Isles of Scilly (Part One): Modern burials

For those of you that follow this blog (and our Facebook page) regularly, you will know that we went on a much deserved holiday. We went to the Isles of Scilly, which are situated just off of the Cornwall coast. They are a five island (with lots of smaller islets) archipelago and are quite wonderful.

The islands have been inhabited in some form or another since the Stone Age and before sea levels rose the islands were more of a large mass of land that could be walked across. Once cut off, the only way to travel from isle to isle is by boat. The history of the land is evidenced by its ancient stone monuments, which will be written about in Part Two of this small Isles of Scilly special report series.

For Part One, I wanted to write about the modern burial sites that I had the chance to visit while on the islands. Some islands are more populated and settled that others, with the largest populated island being St Mary’s. We decided to walk around the island using one of its many coastal walks to visit Old Town (New Town is the other side of the island and is where the main hub of the island is, with its quay and residential area).

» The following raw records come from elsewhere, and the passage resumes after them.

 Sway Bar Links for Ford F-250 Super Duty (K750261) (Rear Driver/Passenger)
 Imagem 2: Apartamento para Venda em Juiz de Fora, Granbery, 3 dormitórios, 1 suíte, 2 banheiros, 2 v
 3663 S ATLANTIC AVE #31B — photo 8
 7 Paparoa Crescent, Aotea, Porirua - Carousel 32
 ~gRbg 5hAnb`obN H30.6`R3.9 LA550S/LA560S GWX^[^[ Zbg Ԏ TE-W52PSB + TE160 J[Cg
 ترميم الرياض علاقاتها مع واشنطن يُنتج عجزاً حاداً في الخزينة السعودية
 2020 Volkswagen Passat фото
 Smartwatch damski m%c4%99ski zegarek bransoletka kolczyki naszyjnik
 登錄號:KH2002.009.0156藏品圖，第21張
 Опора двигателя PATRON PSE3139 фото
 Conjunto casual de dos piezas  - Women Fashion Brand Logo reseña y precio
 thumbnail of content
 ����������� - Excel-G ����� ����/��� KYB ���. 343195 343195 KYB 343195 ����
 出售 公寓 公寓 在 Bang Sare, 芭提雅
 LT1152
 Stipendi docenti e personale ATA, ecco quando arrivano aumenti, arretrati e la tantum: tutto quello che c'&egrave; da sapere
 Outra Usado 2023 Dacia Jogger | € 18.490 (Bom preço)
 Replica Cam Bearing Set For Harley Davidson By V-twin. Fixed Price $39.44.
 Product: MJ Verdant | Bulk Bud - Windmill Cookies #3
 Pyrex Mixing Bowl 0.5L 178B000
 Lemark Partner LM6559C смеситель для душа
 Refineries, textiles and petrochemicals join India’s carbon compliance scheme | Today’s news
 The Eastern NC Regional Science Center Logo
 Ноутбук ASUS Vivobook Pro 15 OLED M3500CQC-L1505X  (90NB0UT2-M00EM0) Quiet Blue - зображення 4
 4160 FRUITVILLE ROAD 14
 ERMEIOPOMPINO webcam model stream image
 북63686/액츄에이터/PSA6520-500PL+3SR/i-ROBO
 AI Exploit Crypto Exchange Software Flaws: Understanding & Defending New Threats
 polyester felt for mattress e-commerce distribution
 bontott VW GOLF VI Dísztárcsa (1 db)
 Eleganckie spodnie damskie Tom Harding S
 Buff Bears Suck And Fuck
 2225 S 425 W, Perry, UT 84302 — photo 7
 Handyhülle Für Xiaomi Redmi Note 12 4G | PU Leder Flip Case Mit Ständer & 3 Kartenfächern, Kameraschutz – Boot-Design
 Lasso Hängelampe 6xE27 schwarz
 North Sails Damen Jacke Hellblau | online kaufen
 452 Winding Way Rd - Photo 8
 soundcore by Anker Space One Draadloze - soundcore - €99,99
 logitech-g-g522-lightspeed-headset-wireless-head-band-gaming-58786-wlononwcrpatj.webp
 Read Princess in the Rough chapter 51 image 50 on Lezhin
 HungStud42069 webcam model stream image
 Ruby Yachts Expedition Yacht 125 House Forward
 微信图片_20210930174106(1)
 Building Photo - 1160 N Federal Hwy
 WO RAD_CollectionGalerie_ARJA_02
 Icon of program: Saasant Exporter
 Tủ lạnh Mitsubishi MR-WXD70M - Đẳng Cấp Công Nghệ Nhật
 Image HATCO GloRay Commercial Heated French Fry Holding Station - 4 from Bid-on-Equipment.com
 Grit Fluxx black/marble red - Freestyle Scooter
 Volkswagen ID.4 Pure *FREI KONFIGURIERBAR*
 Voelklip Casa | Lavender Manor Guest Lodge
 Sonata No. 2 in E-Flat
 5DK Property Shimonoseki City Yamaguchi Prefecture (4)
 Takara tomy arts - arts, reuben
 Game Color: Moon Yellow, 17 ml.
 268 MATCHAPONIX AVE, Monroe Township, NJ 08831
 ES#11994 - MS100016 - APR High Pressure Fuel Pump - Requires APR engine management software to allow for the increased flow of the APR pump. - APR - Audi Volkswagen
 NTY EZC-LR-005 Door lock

The walk itself was gorgeous with fabulous landscapes and rock formations.

??????????

All we were expecting was to was visit Old Town and have a typically Cornish cream tea when we glanced behind us as we were coming off of the coastal path and spotted a small stone stile that led us unexpectedly to Old Town’s Norman-era church, with its gorgeous graveyard.

??????????

Due to the islands being surrounded by the sea and having a big fishing/shipping culture as a result, many of the gravestones had anchors on them, something I had never seen before.

??????????

??????????

 

All of the various stones and monuments were covered in the same types of lichen that we had seen on rocks overhanging cliff edges and near the sea, so it was lovely to see how nature was making a home among the stones.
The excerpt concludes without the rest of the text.